-- Supplied material follows --

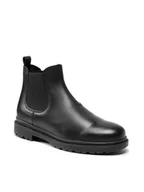 Sztyblety męskie - Geox Sztyblety U Andalo A U16DDA-00045 C9999 Czarny - miniaturka - grafika 1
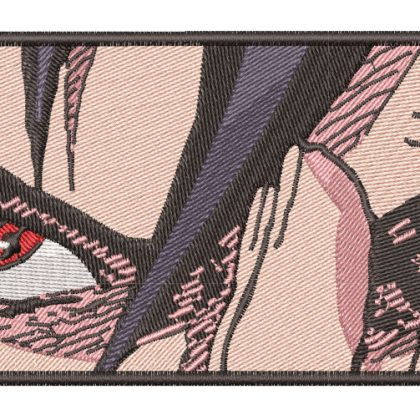 Anime Embroidery Pattern Sasuke Focus Jitsu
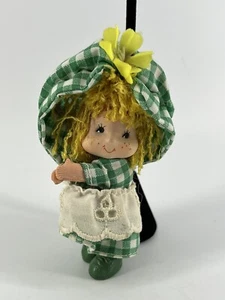 Vintage 1982 Bang Lim Doll Green Checkered Dress Yellow Flower - Picture 1 of 8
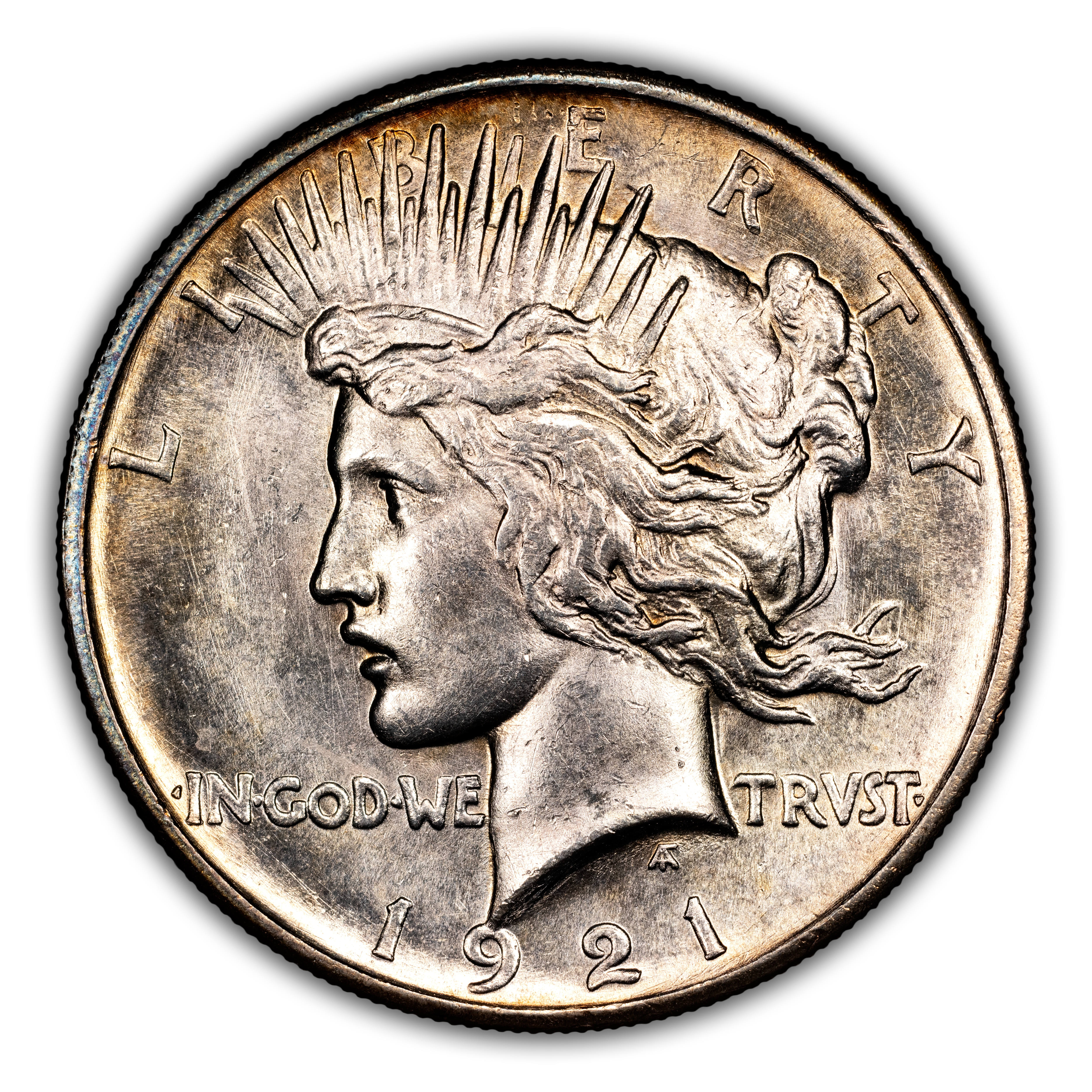 1921 $1  Peace, High Relief MS thumbnail 10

-- Supplied material concluded --

*Work task*
Please give all of the data again, exact and free of pictures.

*Solution to this exercise*
 Sztyblety męskie - Geox Sztyblety U Andalo A U16DDA-00045 C9999 Czarny - miniaturka - grafika 1
 Anime Embroidery Pattern Sasuke Focus Jitsu
 Vintage 1982 Bang Lim Doll Green Checkered Dress Yellow Flower - Picture 1 of 8
 1921 $1  Peace, High Relief MS thumbnail 10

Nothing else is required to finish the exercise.